EXERCISE OBJECTIVE
Copy, word for word, the lines of the listing below from the line with "The cool thing" up to and including the line with "Put the ice". Drop the pictures.

RECORDS SHOWN
^^^^^^^^
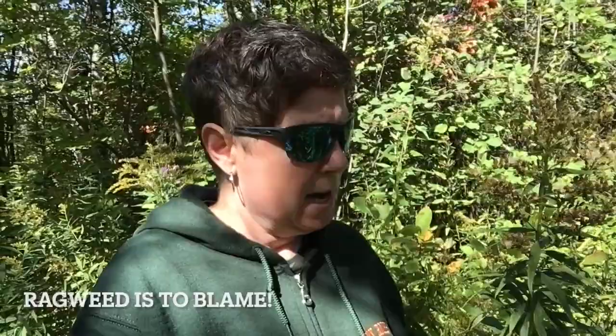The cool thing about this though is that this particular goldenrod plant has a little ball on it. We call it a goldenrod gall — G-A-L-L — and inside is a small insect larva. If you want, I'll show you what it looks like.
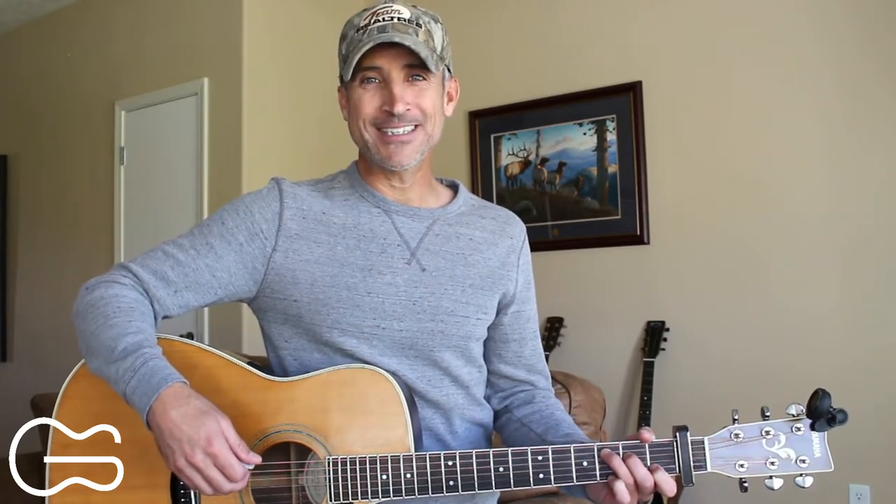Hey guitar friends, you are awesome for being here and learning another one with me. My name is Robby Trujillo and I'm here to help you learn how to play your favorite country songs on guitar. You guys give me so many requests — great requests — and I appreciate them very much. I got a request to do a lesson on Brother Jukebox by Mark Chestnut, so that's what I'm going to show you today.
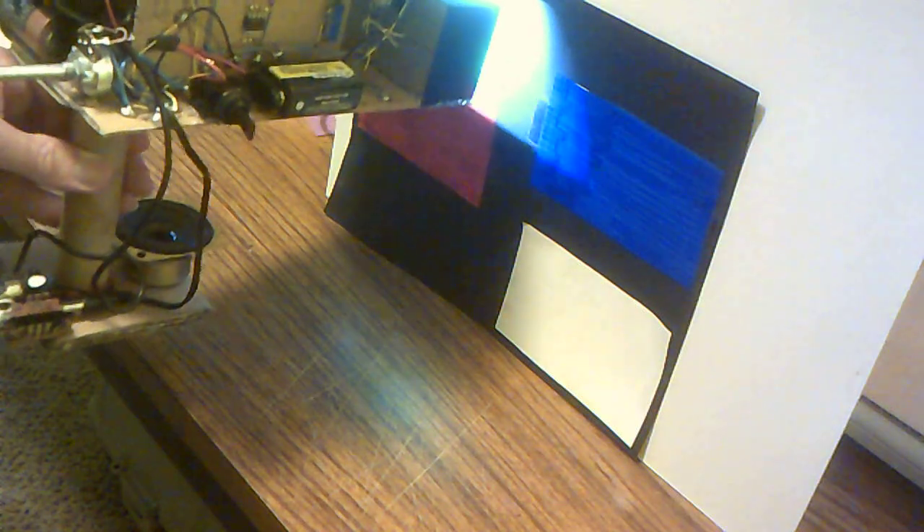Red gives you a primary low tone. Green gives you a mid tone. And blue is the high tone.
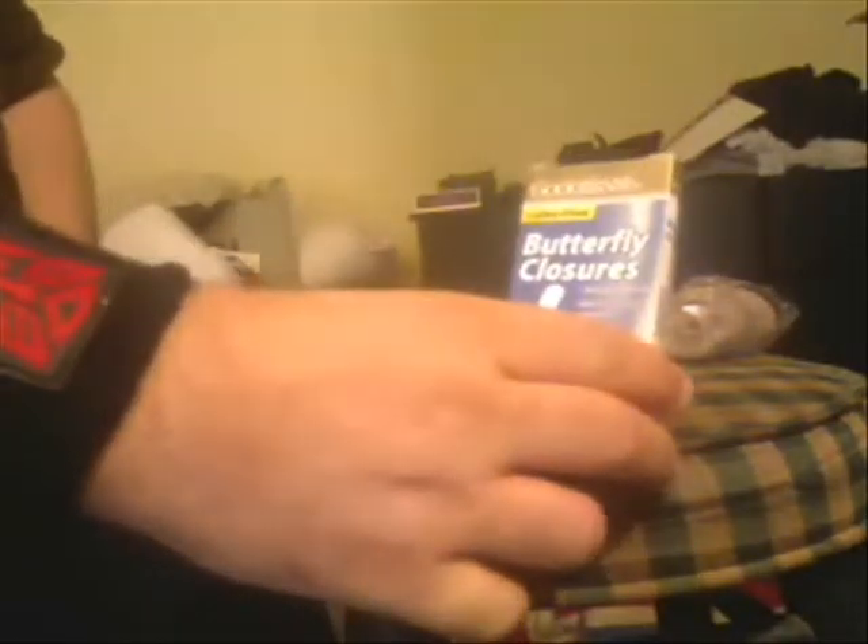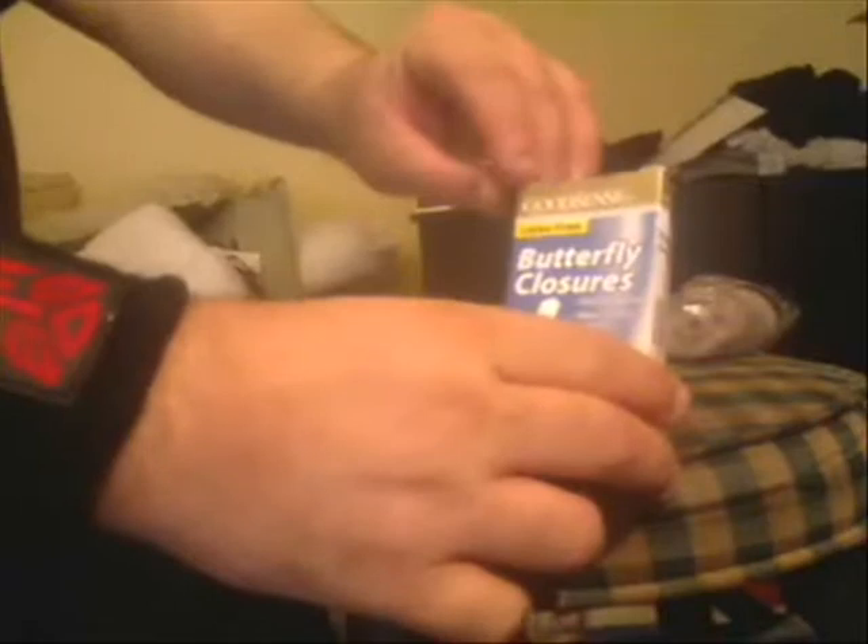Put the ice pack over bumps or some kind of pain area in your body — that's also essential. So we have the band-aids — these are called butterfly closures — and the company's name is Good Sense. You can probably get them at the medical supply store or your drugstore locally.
^^^^^^^^
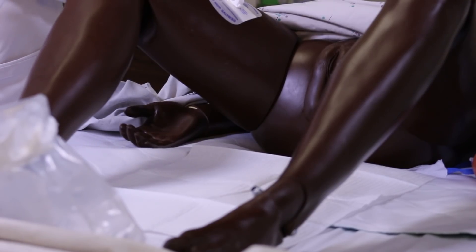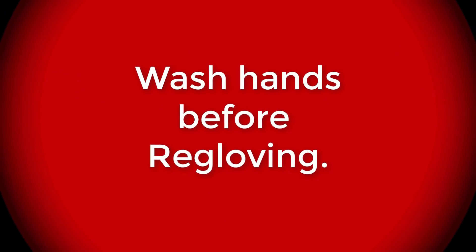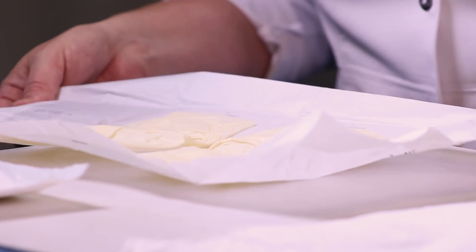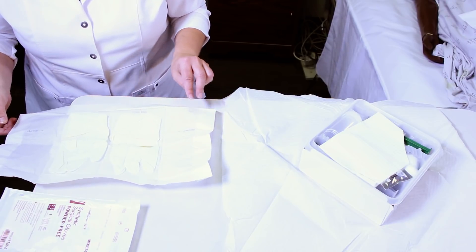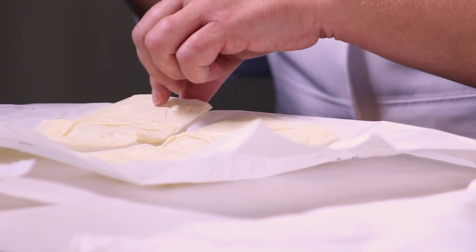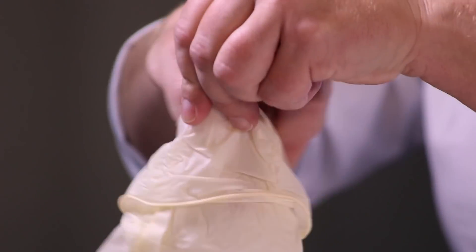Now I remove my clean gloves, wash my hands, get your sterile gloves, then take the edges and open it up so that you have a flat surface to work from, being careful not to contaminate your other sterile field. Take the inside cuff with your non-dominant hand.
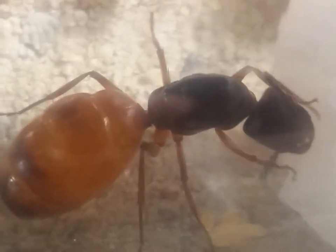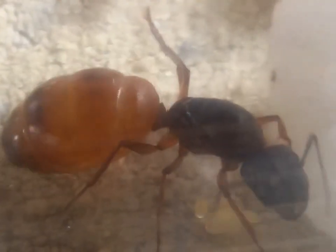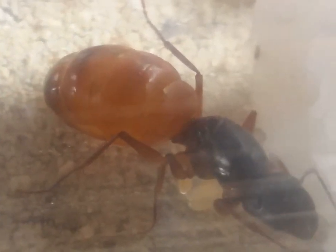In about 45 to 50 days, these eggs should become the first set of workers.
^^^^^^^^
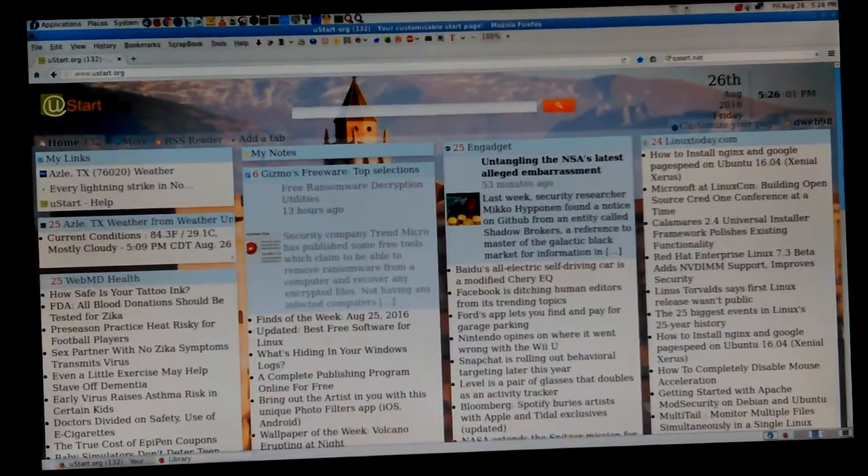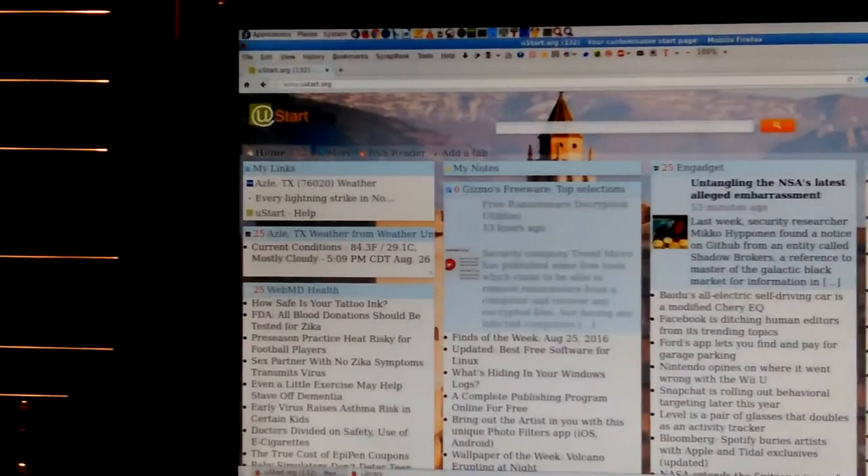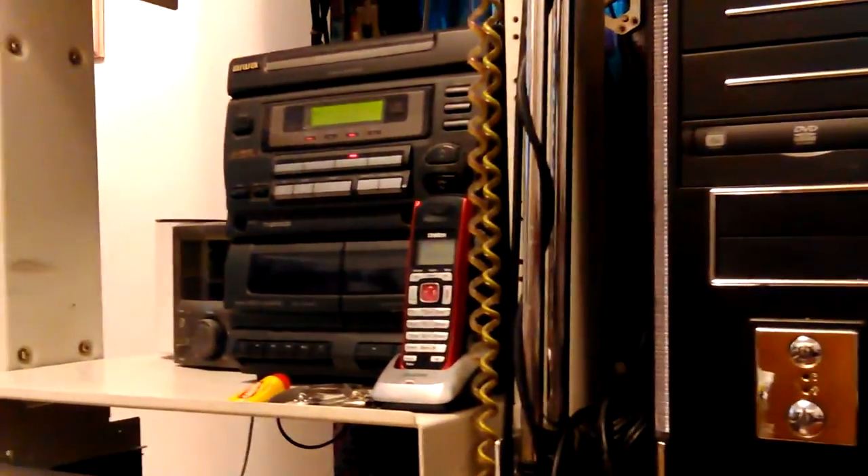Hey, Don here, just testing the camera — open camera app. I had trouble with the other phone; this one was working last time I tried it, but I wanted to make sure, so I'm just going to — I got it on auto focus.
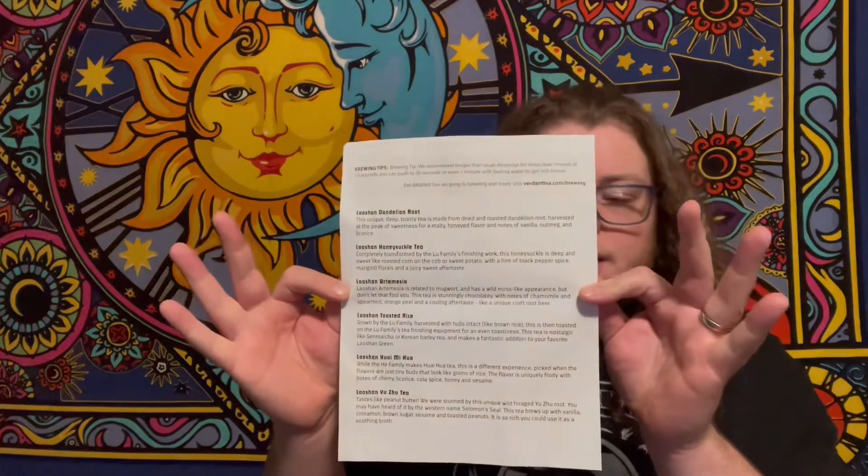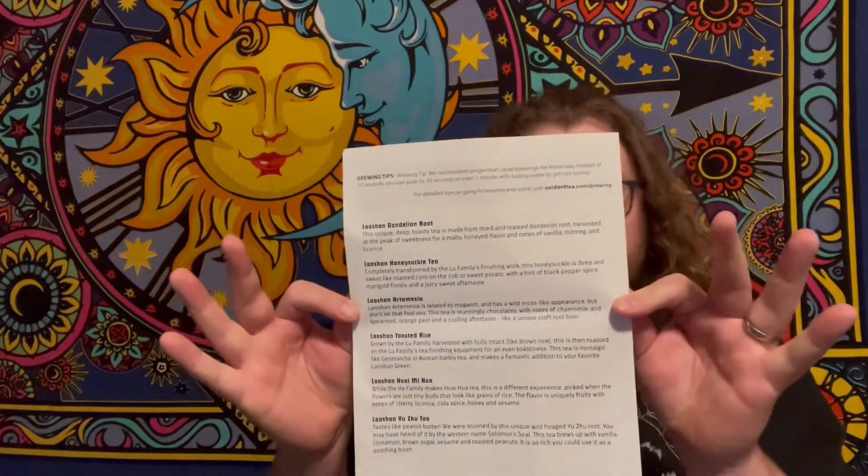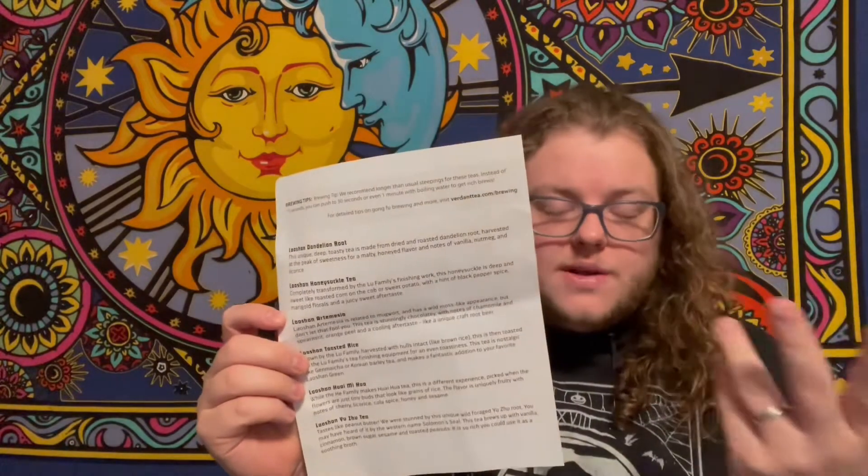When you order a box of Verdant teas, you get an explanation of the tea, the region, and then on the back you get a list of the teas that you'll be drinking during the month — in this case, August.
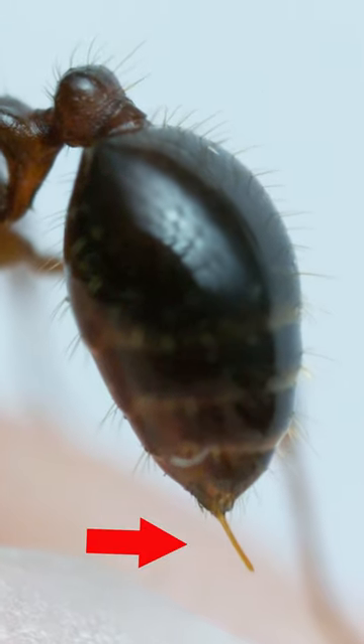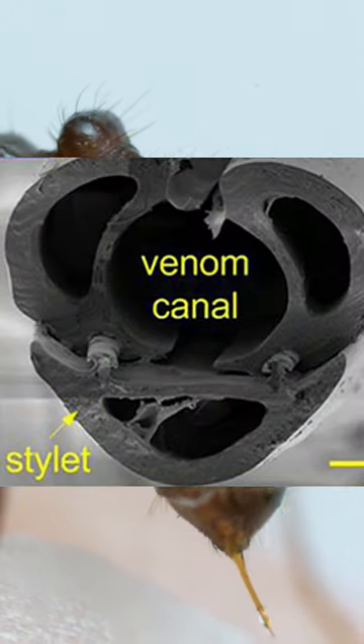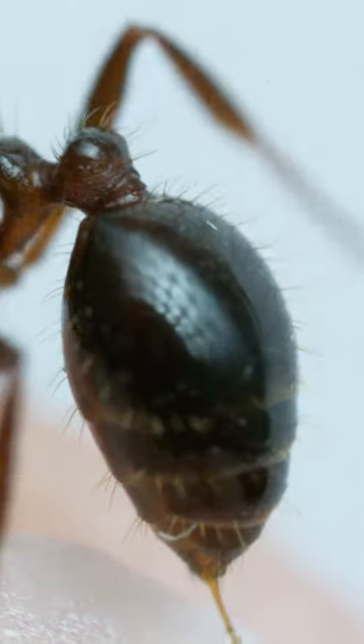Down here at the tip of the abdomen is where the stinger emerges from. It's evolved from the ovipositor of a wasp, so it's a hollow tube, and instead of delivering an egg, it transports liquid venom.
^^^^^^^^
COMPLETED TASK
The cool thing about this though is that this particular goldenrod plant has a little ball on it. We call it a goldenrod gall — G-A-L-L — and inside is a small insect larva. If you want, I'll show you what it looks like.
Hey guitar friends, you are awesome for being here and learning another one with me. My name is Robby Trujillo and I'm here to help you learn how to play your favorite country songs on guitar. You guys give me so many requests — great requests — and I appreciate them very much. I got a request to do a lesson on Brother Jukebox by Mark Chestnut, so that's what I'm going to show you today.
Red gives you a primary low tone. Green gives you a mid tone. And blue is the high tone.
Put the ice pack over bumps or some kind of pain area in your body — that's also essential. So we have the band-aids — these are called butterfly closures — and the company's name is Good Sense. You can probably get them at the medical supply store or your drugstore locally.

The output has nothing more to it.